Managing Facebook pages is big business for a lot of social media agencies.  In fact, it is fast becoming a staple activity.  Is this something to be encouraged?  In my opinion, absolutely not.  In fact I would go so far as to say that if you are using an agency to manage your Facebook page, this shows you haven’t yet worked out how to use social media effectively.

There are, of course, many reasons why you might want to use an agency to manage your Facebook page.  For a start, Facebook is so darn fidgety – always changing stuff, introducing new things and changing the rules of the game.  Keeping on top of what is going on at Facebook is a full-time job – so it makes perfect sense to hire an agency who is already plugged-in to the Facebook world.  Secondly, maintaining a regular stream of posting is a burden.  Creating all this ‘engaging content’ is not something the average marketing department was set up to do, whereas it is something that writers and other creative folk in the agency world do very well.
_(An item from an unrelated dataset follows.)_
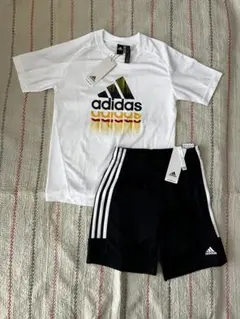 【新品】アディダス　ドライTシャツ ハーフパンツ　上下セット　140cm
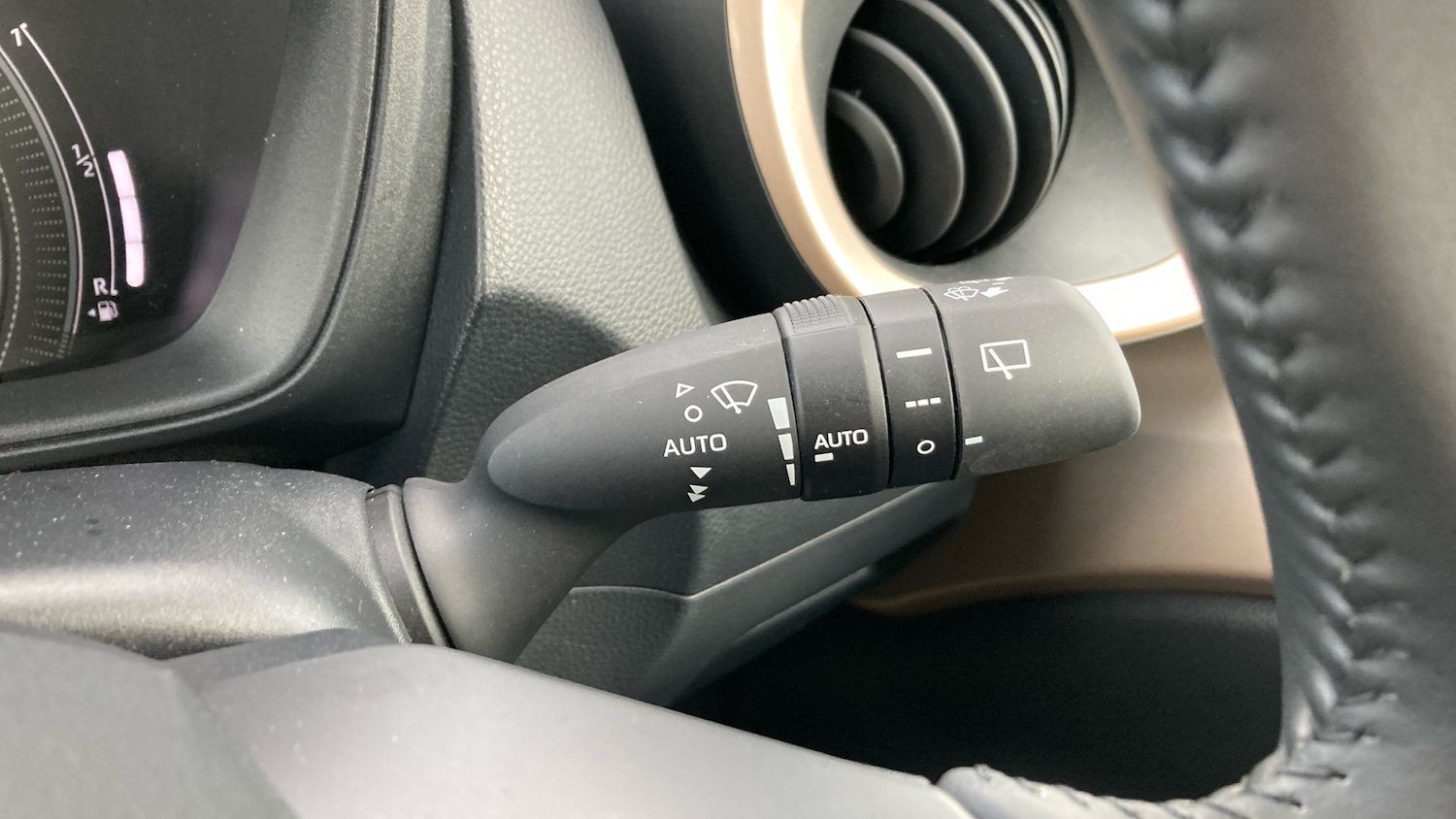 Used Toyota Aygo X 2022 for sale - 77206898: Photo 34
Bit here is the rub.  Do you really need to stay on-top of everything Facebook is doing?  And why do you see Facebook as so much ‘dead air’ that has to be filled with content, engaging or otherwise? Presiding over ‘dead air’ was a criminal offence in broadcast media, but Facebook is not a broadcast medium.  The idea of the need for regular posting comes out of the world of blogging, where constant refreshment created Google-juice and visibility in the digital space.  But Facebook is a closed digital world, which Google can’t penetrate.
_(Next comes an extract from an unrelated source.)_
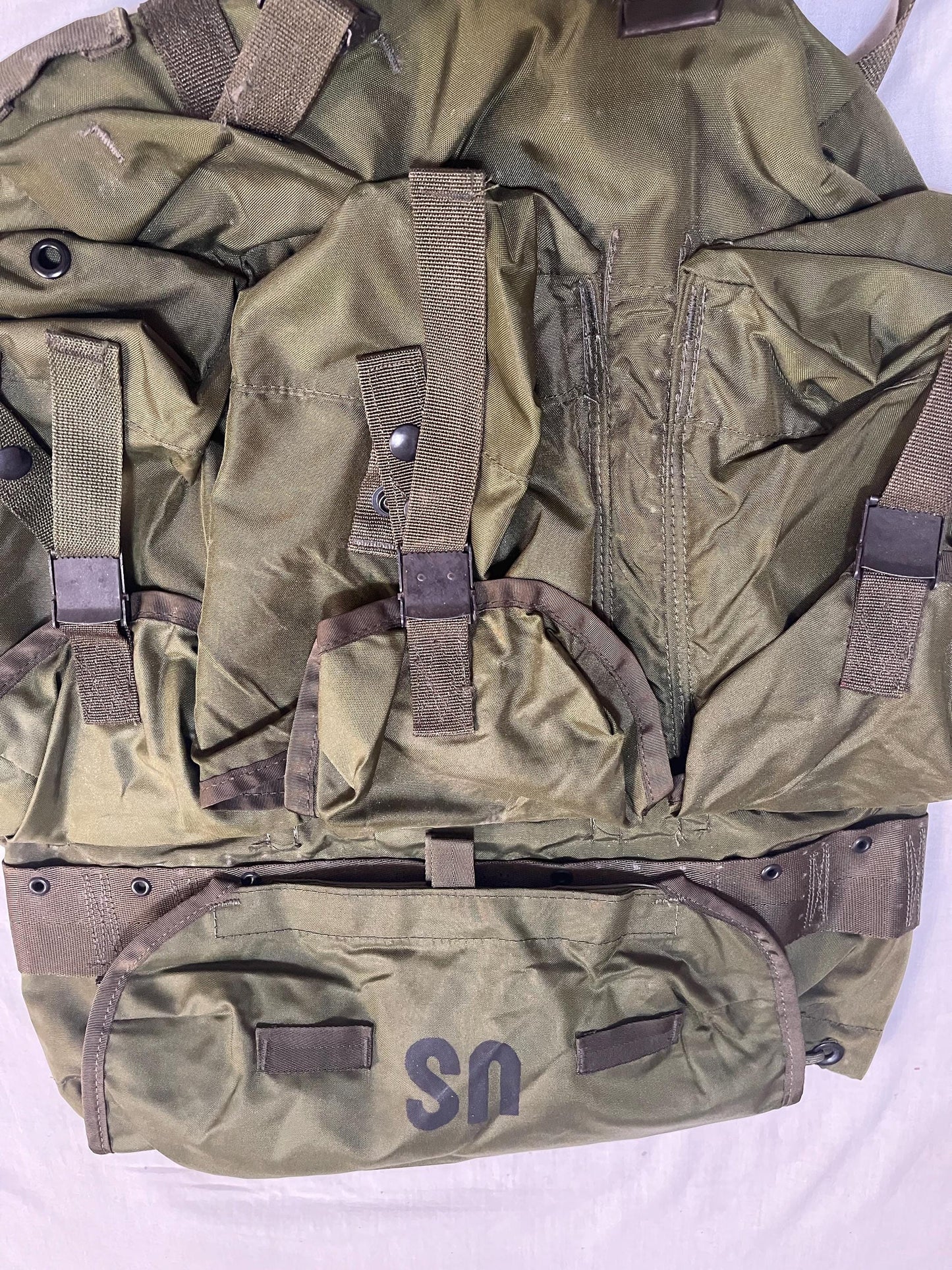 US Vietnam Alice Pack Rucksack Medium dated 1974 W/ Manual & 4 Waterproof bags New old stock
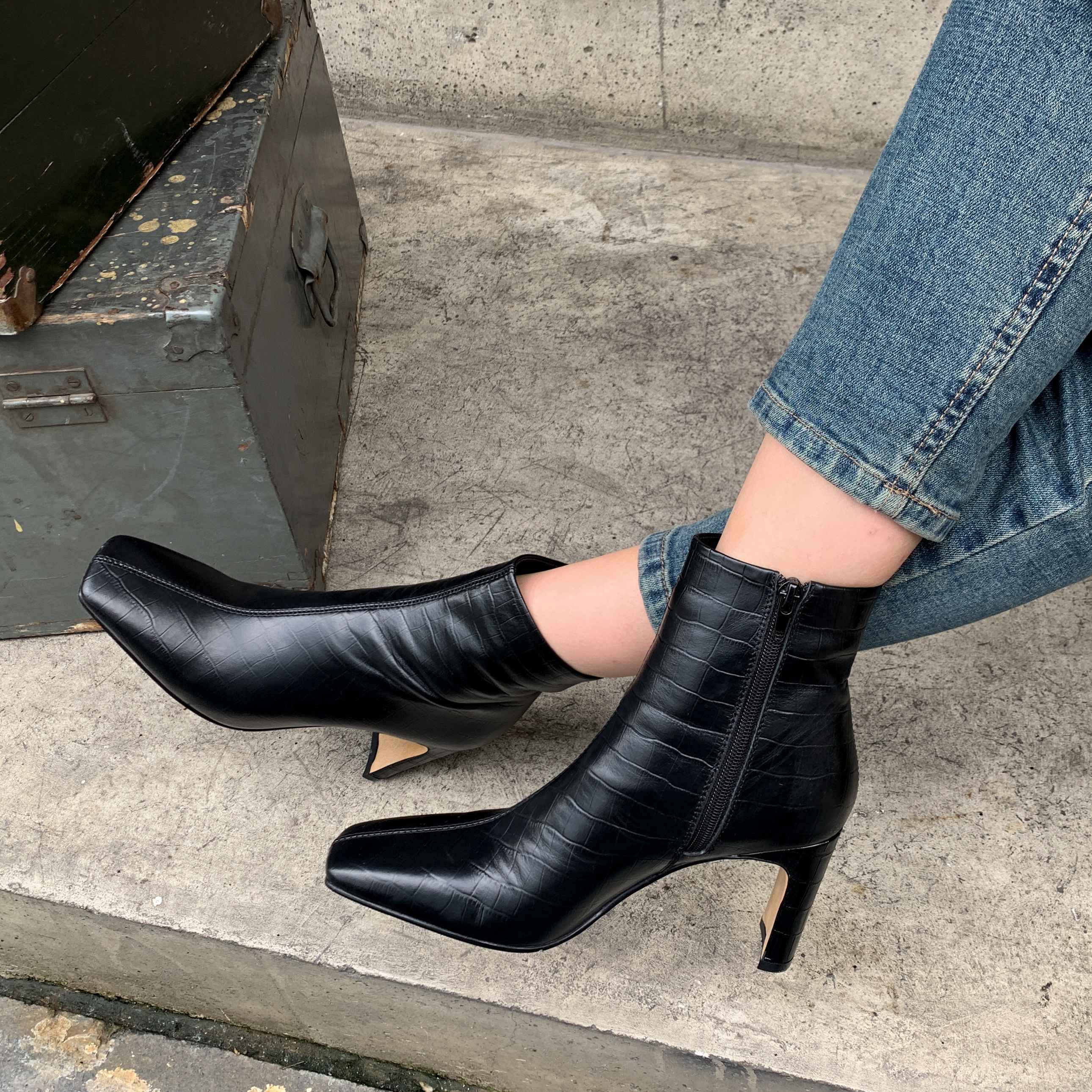 

leather stone pattern high street boot square toe thick heel zip gorgeous, Black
One of the most insightful things I have ever heard about Facebook was said to me by the marketing director of a large retailer in Turkey.  She said, “I love Facebook because it tells me what people think about my latest ad.”  Unwittingly, or otherwise, she had hit the nail on the head.  You don’t use social media to carry messages to people about your brand, you use it to find out what people think about your brand.  You don’t use it to create brand ambassadors within your consumers, you use it to create consumer ambassadors within your brand.
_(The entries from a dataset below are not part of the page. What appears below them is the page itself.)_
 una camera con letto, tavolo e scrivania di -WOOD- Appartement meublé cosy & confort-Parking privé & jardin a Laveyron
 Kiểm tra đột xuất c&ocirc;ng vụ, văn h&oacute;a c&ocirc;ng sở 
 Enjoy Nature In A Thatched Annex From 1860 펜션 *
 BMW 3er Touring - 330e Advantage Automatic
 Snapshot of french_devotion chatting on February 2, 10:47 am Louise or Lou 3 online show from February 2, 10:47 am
I think the most important part of any Facebook page is the ‘post by others’ section – i.e. the part where your customers or consumers want to talk to you.  You have to ask yourself the question “why would I want someone else to be standing between me and my consumers?”  You can, of course, drop an agency into this slot, but they will never be able to give the best answers.  In fact a sure-fire sign that an agency is managing the page comes when you see the response “we are so sorry to hear you think (our brand sucks), please call our customer service hotline on this number and they will be able to help you.”  A pretty insulting response if you think about it.  You may as well be saying “you can either sit down and listen to what we have to say to you and press the applause (like) button at the right moments or you can sod-off somewhere else and find someone whose job it is to listen to your petty complaints.”  I exaggerate – but not by much.  This type of deflection response clearly says “you are in the wrong space for this type of behaviour, go away”.  And also, if your customers think that you brand sucks, or is great, or could be improved by making some changes – this information should take route one into your organisation, not be filtered through an agency.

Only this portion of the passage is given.